Welfare e anziani

Incontro su Politiche di Welfare e Anziani, 28 novembre 2008
Incontro su Politiche di Welfare e Anziani, 28 novembre 2008

Se Bologna è apprezzata e conosciuta nel mondo, uno dei motivi principali è la sua eccellente rete di servizi sociali, il suo welfare. Negli ultimi quindici anni i provvedimenti di welfare hanno riguardato, soprattutto, interventi sugli anziani e, in particolar modo, sugli anziani malati, conseguenza inevitabile della tendenza ad aumentare di nuclei familiari composte da persone anziane. L’obiettivo che dobbiamo porci deve essere non solo quello di consolidare l’eccellenza raggiunta negli anni da Bologna, ma provare a migliorarla, nonostante una generale situazione economica e politica ci imponga un calo delle risorse a disposizione.

La parola chiave è senza dubbio sussidiarietà. Associazionismo e volontariato sono i tasselli fondamentali del welfare locale, non solamente per ragioni di costi, ma soprattutto perché strutture in grado di interpretare i bisogni sempre più diversificati di individui sempre più differenti. Coinvolgere e valorizzare questa rete è la strada da percorrere perché, nell’ottica di un welfare personalizzato come quello che richiedono i tempi, è impossibile ipotizzare un solo soggetto in grado di fornire un menu così diversificato. La regia deve sicuramente essere pubblica, ma sono le antenne sul territorio che devono rilevare e rivelare cosa succede per consentire alle istituzioni risposte più tempestive, puntuali e personalizzate.

Trovare forme di efficienza he rendono la macchina ancora più rapida non è sfida impossibile. Credo che la tecnologia possa dare molto in questo campo e penso a strumenti che già esistono e possono svolgere in prospettiva un ruolo importante anche nel settore socio-sanitario. Mi riferisco ad un’azienda come il Cup 2000, la prima in Italia a sviluppare un sistema puntuale di accesso informatizzato al servizio sanitario.

Ma è sufficiente guardarsi attorno per capire che la categoria identificata con la parola “anziano” è ormai troppo generica. Dobbiamo necessariamente pensare a nuove classificazioni che non associno l’aggettivo “anziano” ad una condizione di bisogno. All’interno della popolazione sopra i 65 anni, infatti, esiste una galassia di persone che, a vario titolo, sono ancora una grande risorsa per l’intera comunità. Compito dell’amministrazione è quello di accompagnare e governare, attraverso una programmazione pluriennale, un processo prevedibile come quello dell’allungamento della vita. Anche su una tematica del genere dobbiamo avere uno sguardo lungo e la capacità di scegliere di volta in volta gli strumenti più adeguati.

Una Risposta to “Welfare e anziani”

  1. Giuseppe Vitiello Says:

    La suluzione web Internet “Servizi al cittadino” di Cup 2000 è indubbiamente un esperimento molto interessante.

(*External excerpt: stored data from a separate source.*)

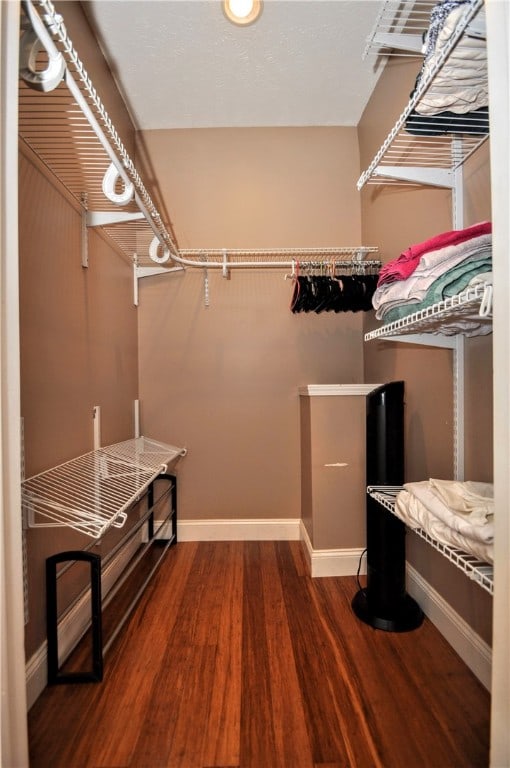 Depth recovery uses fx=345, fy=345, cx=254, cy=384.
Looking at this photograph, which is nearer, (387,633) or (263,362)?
(387,633)

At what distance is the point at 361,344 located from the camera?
227cm

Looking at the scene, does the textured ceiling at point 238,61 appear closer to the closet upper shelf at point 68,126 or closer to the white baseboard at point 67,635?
the closet upper shelf at point 68,126

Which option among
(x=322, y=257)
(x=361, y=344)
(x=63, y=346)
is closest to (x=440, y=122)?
(x=322, y=257)

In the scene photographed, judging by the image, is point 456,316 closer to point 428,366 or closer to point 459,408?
point 459,408

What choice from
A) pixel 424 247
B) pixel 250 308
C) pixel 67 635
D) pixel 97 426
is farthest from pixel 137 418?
pixel 424 247

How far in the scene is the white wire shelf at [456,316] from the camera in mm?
743

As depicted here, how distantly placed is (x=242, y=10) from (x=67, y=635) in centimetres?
265

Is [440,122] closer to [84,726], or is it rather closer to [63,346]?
[63,346]

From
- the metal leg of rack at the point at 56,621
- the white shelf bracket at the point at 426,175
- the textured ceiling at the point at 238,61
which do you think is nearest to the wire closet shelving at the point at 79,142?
the textured ceiling at the point at 238,61

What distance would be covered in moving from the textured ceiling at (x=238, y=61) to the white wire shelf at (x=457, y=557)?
2127 millimetres

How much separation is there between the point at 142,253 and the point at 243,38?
1.18 meters

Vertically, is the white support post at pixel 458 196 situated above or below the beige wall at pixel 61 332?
above

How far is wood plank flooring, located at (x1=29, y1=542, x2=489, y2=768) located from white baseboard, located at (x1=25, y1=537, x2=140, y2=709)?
55 mm

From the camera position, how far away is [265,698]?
3.66 feet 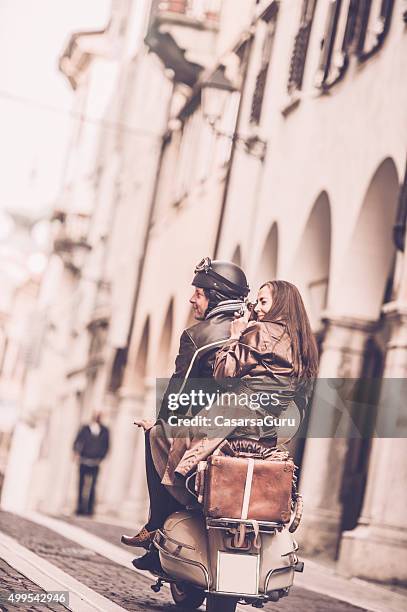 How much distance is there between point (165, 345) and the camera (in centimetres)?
2903

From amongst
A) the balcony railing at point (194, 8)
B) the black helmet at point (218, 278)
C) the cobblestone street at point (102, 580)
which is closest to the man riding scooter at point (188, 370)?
the black helmet at point (218, 278)

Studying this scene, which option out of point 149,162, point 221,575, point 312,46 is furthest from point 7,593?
point 149,162

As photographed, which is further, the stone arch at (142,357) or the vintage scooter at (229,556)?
the stone arch at (142,357)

Ormai i tempi sono maturi per rendere questi servizi, direttamente fruibili al cittadino. Tenendo conto che anche nella fascia di età over 65, l’alfabetizzazione informatica e di utilizzo della rete stanno crescendo notevolmente, il sistema può essere un passo avanti fondamentale verso chi statisticamente lo dovrà utilizzare di più.
    Penso che però il prossimo passaggio obbligato per il servizio internet di Cup 2000 sia una importante revisione in una ottica di “usabilità” e “accessibilità”.
    A mio avviso può diventare la leva per diffondere capillarmente l’utilizzo del servizio, aiutando soprattutto chi ha difficoltà a recarsi agli sportelli (es. diversamente abili).
    Gli addetti ai lavori nell’Informatica e comunicazione, parlano di “User Centered Design”, che vuole dire semplicemente, sviluppare un servizio, centrato sulle esigenze dell’utente. E’ un radicale cambio di prospettiva, che finora si è rivelato assolutamente vincente nei servizi Web.
    Nel momento in cui il singolo può accedere direttamente a servizi informatici con facilità e semplicità d’uso, si alleggeriscono di molto i carichi delle strutture di erogazione del servizio, ed inoltre tutto il processo viene ottimizzato, con grandi ritorni di efficienza per chi eroga il servizio e soprattutto per l’utente stesso.